I don't think it's possible to talk about Icarus/Rise before seeing it. I'm a musician interested in this kind of "hamkaari" and I'm going to drive from Sacramento to see it. Then I'll post my comments.


Keywords: Established and Culture At Large

by bee-farhang intolerant (not verified) on

If you had actually gone to cultural events, you would know that San Francisco Ballet and Alonzo King's Lines Ballet are INTERNATIONALLY-ESTABLISHED Bay Area companies! And no, not ALL projects must exclusively involve Iranian groups!



by ladan K (not verified) on

Alex Kettly is pretty established. I don't think he'd be at all interested in dancing with Darvag or Shahrzad (whoever they are!)
I'm glad to see this kind of improvement in our standards. I wish they would come to Houston, where I live.
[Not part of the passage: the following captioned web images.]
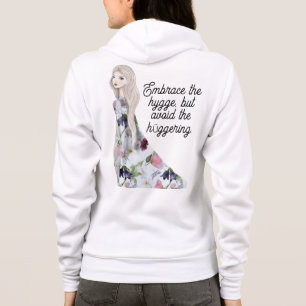 WATERCOLOR NORDIC MIRCHHYGGE LIFESTYLE WISDOM HOODIE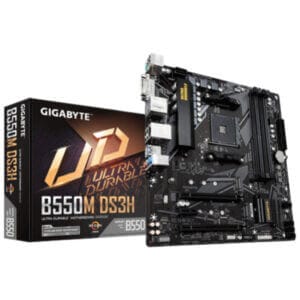 Osnovna plosca AM4 GigaByte B550M DS3H microATX 1xDVI D 1xHDMI 2.1 1xDisplayPort 1.4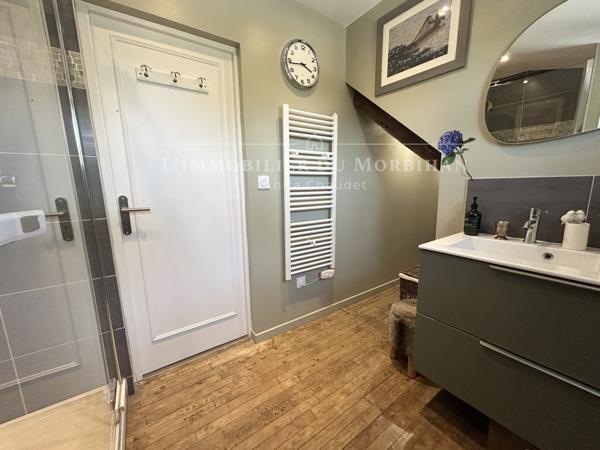 Saint-Armel (56450) Magnifique Longère en Pierre à Deux Pas de la Plage – Petite Vue Mer Côté Golfe !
Role of Translation and Artists

by Scholar who understands artists (not verified) on

The goal of "translation"--textual, or multimedia renditions--and exposing a literature to new target audiences is to ENGAGE them. (How many of your relatives have passionately translated Shamlou, Sepehri or Farrokhzad at home, and why do they still not have engaged global audiences?) While "ghoghnous/phoenix" is an eastern magical firebird which embodies rising out of ashes, Icarus, is a greek myth about rising and falling, which resonates with the western target audience, engaging them immediately, which then exposes them to new Iranian literature (BINGO! Mission accomplished!), without resorting to orientalist audience-pleasing techniques, which many resort to. As a scholar who values artists, I suggest you pay attention. (Marj, please read more about Icarus vs. Daedalus as "romantic" vs. "rational" archetypes).

Iranians and hyphenated Iranians, please do not consider yourselves as the target audience for efforts to introduce Iranian culture and engage it with the world at large; you are only a fraction of it. Please lift your heads up out of your local universes and take a look at the greater context. Is this attitude why your culture has been isolated and marginalized, I wonder?


Nappy--Consider yourself caught!

by olagh catcher (not verified) on

I have been a part of the "established Bay Area Iranian Community" for over 20 years and witnessed you all showing up in droves for everything from checking out each other's new outfits to the opening of a paper bag--so long as there was free food and drink & some deed o bazdeed.
Get off your fat duff and find some hosele fast so you might actually be enlightened! (Just a bit would help).


Excuse me scholars, if you

by Marj (not verified) on

Excuse me scholars, if you had named your project Phoenix (the legendary bird rising from its own ashes symbolizing revival and rebirth out of one's suffering and demise) would be much more appropriate. Icarus does not symbolize a "romantic artist" but a "deluded truth-seeker", whoever said that Icarus was a romantic anyway? The romanticism era is over, and what does romanticism have to do with the Iranian diasporic experience???


gotta be kidding!

by nappy (not verified) on

"High brow"? The established Bay Area Iranian groups don't have hosele for this kind of posing.


Is there any established Bay

by Anon (not verified) on

Is there any established Bay Area Iranian group such as Darvag theater group or Shahrzad dance group involved with this project?